Help on Administering a Linux Server

Keyser Soze

Greetz,
I have a Debian 3r1 Server used mostly as a file server. Since I got in broadband I have allowed my mates to SSH into the server and download files to it.

Its a headless server so I use WebMin and SSH to work on it myself but what I'm looking for is the some advice or links to administering and monitoring the server and the users on it.

Probably some basic Unix admin advice would be best, such as tools such as top, last, who etc.

Thanks in advance

phil

Look at some of the excellent resource viewers that come with most Linux distributions such as top, last, who etc.

Phil.

ssh

if you are particularly security minded, you should consider installing a tripwire database.

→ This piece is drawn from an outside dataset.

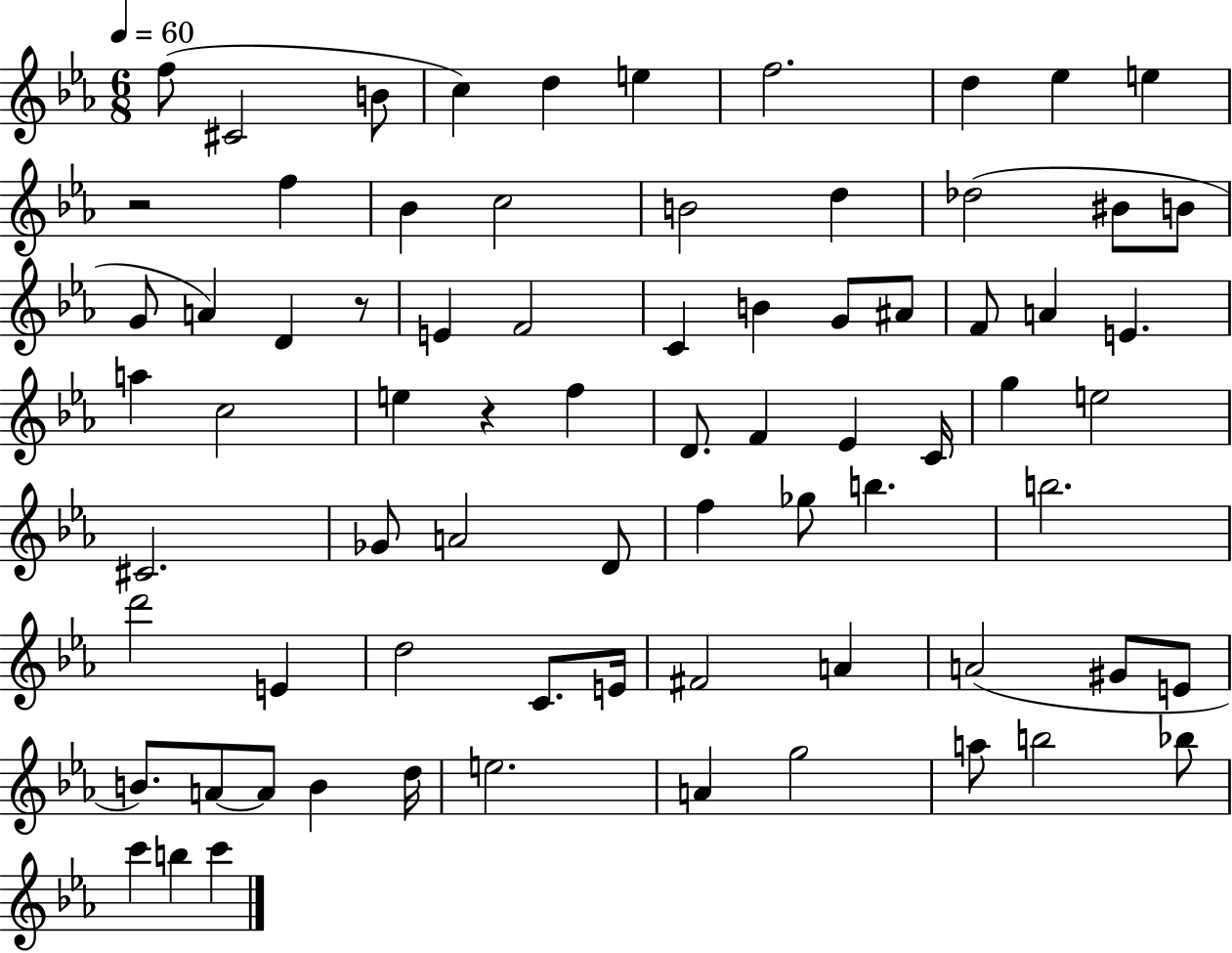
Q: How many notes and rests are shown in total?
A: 75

It checks the specified parts of the filesystem for changes every night, so you can see if there has been any messing about. It isn't infallable, but it's a darn sight better than not doing anything.

There are a bunch of httpd log analysers, which would also be useful in your case... analog seems to be pretty okay.

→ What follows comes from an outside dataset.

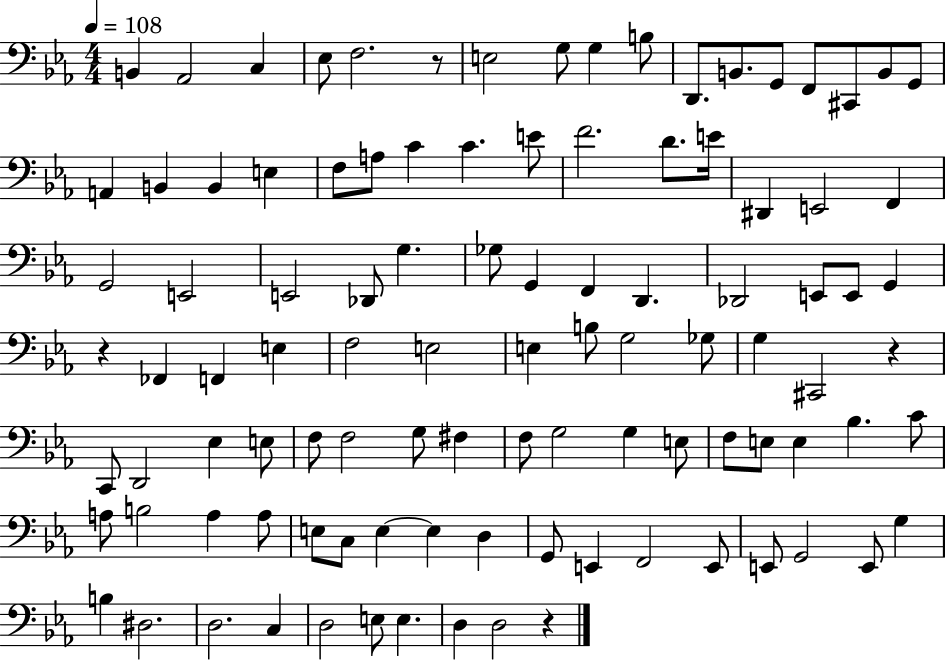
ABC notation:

Bar that, the tools you mentioned, the "w" command, netstat and lsof are good core utils.

Gerry

You could install a firewall, and only allow people to ssh in from their irish isps, or even better, if they have a static ip. Would just cut down a bit on random login attempts, which aren't a major problem unless you have a vulnerable sshd ( which you shouldn't on debian ) or extremely crap passwords. Perhaps more importantly, make some effort to use strong passwords on the server. ( google for info on what makes a strong password ).
Since you are running debian, make sure you run apt-get upgrade regularly, this upgrades your installed packages to the latest stable versions. Maybe setup a cron job to run it every day or 2.
Other stuff.. well you could run ntop or netsaint or something to monitor who is doing what with your bandwidth.

Keyser Soze

Thanks for the replies and info,
I have a an IPCop firewall running inside my modem/router (which has NAT too). I try to keep the user passwords at least 8 letters long and include a number or too.
But I'll take your advice and limit access to Irish ISPs IP Ranges.
But what damage could a user or an unauthorised user do if with an ordinary login. I've heard about root kits and such but is that possible if they don't have root/su access??

Gerry

They can exploit a service on your machine which is running with root privileges, and get themselves a root shell. Even if you keep your machine well patched up, exploits are found for common programs on a daily basis.

conor-mr2

You have also got to take into account the situation where one of your users may do something nasty to something somewhere else on the net. Its possible that it gets traced back to your computers ip address. Be useful to keep logs on your server or archived on a regular basis for a certain time.